Re: use ARM intrinsics in pg_lfind32() where available - Mailing list pgsql-hackers

From Nathan Bossart
Subject Re: use ARM intrinsics in pg_lfind32() where available
Date
Msg-id 20220827221234.GA15951@nathanxps13
Whole thread Raw
In response to Re: use ARM intrinsics in pg_lfind32() where available  (John Naylor <john.naylor@enterprisedb.com>)
Responses Re: use ARM intrinsics in pg_lfind32() where available
List pgsql-hackers
Thanks for taking a look.

On Sat, Aug 27, 2022 at 01:59:06PM +0700, John Naylor wrote:
> I don't forsee any use of emulating vector registers with uint64 if
> they only hold two ints. I wonder if it'd be better if all vector32
> functions were guarded with #ifndef NO_USE_SIMD. (I wonder if
> declarations without definitions cause warnings...)

Yeah.  I was a bit worried about the readability of this file with so many
#ifndefs, but after trying it out, I suppose it doesn't look _too_ bad.

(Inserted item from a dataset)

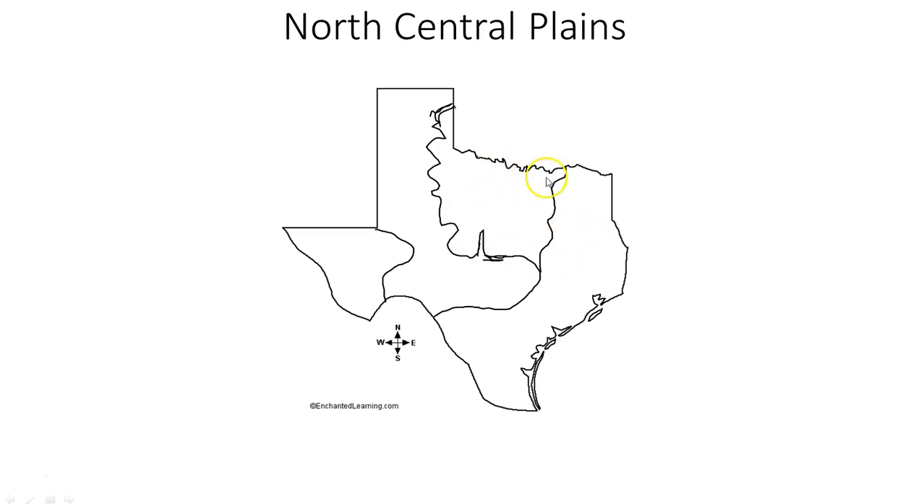One of the interesting things about this part of the state is that it gets more rain than the Great Plains. So what do you think that means? If they get more rain, therefore what? Something is important about that. If a place gets more rain than another place, something's going to happen.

> + * NB: This function assumes that each lane in the given vector either has all
> + * bits set or all bits zeroed, as it is mainly intended for use with
> + * operations that produce such vectors (e.g., vector32_eq()).  If this
> + * assumption is not true, this function's behavior is undefined.
> + */
> 
> Hmm?

Yup.  The problem is that AFAICT there's no equivalent to
_mm_movemask_epi8() on aarch64, so you end up with something like

    vmaxvq_u8(vandq_u8(v, vector8_broadcast(0x80))) != 0

But for pg_lfind32(), we really just want to know if any lane is set, which
only requires a call to vmaxvq_u32().  I haven't had a chance to look too
closely, but my guess is that this ultimately results in an extra AND
operation in the aarch64 path, so maybe it doesn't impact performance too
much.  The other option would be to open-code the intrinsic function calls
into pg_lfind.h.  I'm trying to avoid the latter, but maybe it's the right
thing to do for now...  What do you think?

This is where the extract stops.